APPLETON, WIS. — Lawrence University geologist Marcia Bjornerud has been named a recipient of a 2009 Fulbright Senior Scholar Award. Beginning in March, the $28,000 award will support four months of research in New Zealand at the University of Otago, the country’s oldest and top-ranked research university.
Bjornerud, professor of geology and the Walter Schober Professor in Environmental Studies, specializes in mountain building processes. While in New Zealand, her research will focus on rocks exposed along the Alpine Fault on the South Island, one of the world’s most active plate boundaries.
“Convergence between two tectonic plates, combined with extremely rapid rates of erosion, can force rocks from as much as eight miles deep in the earth’s crust to the surface in ‘only’ a few million years,” said Bjornerud, a member of the Lawrence faculty since 1995. “I will be studying rocks that have recorded ancient earthquakes along this fault line as a way to understand better what happens during great seismic events.”
Bjornerud’s research in New Zealand will complement her current field-based studies with Lawrence students on the ancient rocks of northern Wisconsin and Michigan’s Upper Peninsula, which were once in a similar tectonic setting.
“Studying fault zones, both modern and ancient, can improve seismic risk assessments in earthquake-prone areas,” Bjornerud explained. “While it may never be possible to predict earthquakes with precision, understanding the phenomena that lead to runaway slip on faults may eventually lead to warning systems that could save lives.”
This is the second time in nine years Bjornerud has been recognized as a Fulbright Scholar.

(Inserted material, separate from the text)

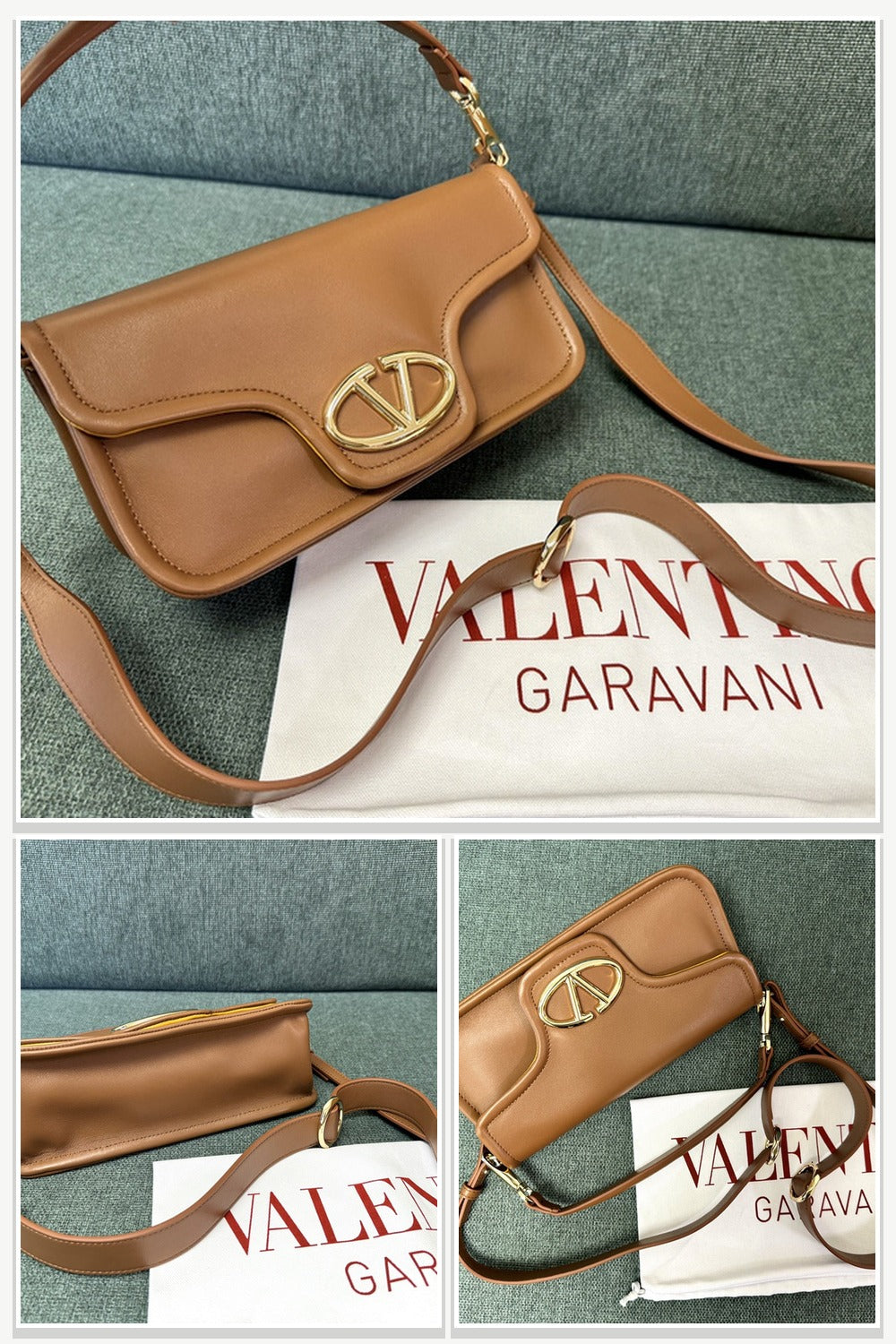 Valentino Bags 263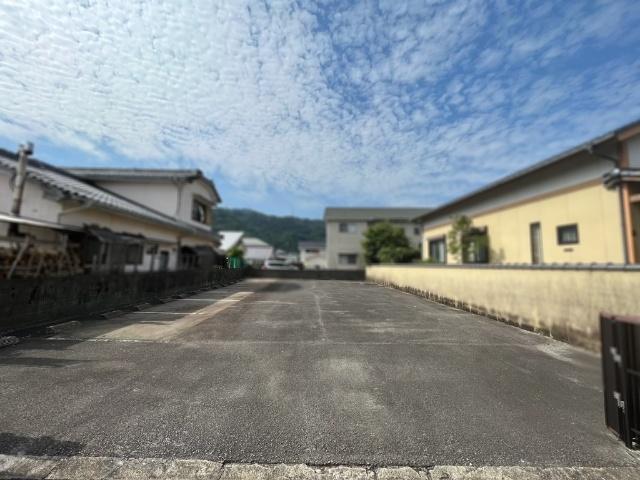 土地1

In 2000, she was awarded a Fulbright fellowship that took her to the University of Oslo for a year of field research on the west coast of Norway.
Appointed the first holder of the Schober professorship in April 2007, Bjornerud has written two books, the science textbook “The Blue Planet” and 2005’s “Reading the Rocks: The Autobiography of the Earth,” a storyteller’s history of the Earth and the toll human activity is exacting on the planet. In 2003, she was elected a Fellow of the Geological Society of America.
After earning a bachelor’s degree in geophysics at the University of Minnesota, Bjornerud earned master’s and doctorate degrees in geology at the University of Wisconsin.
Established in 1946 and sponsored by the U.S. Department of State, Bureau of Educational and Cultural Affairs, the Fulbright Scholar Program is the federal government’s flagship program in international educational exchange. It provides grants in a variety of disciplines for teaching and research positions in more than 120 countries.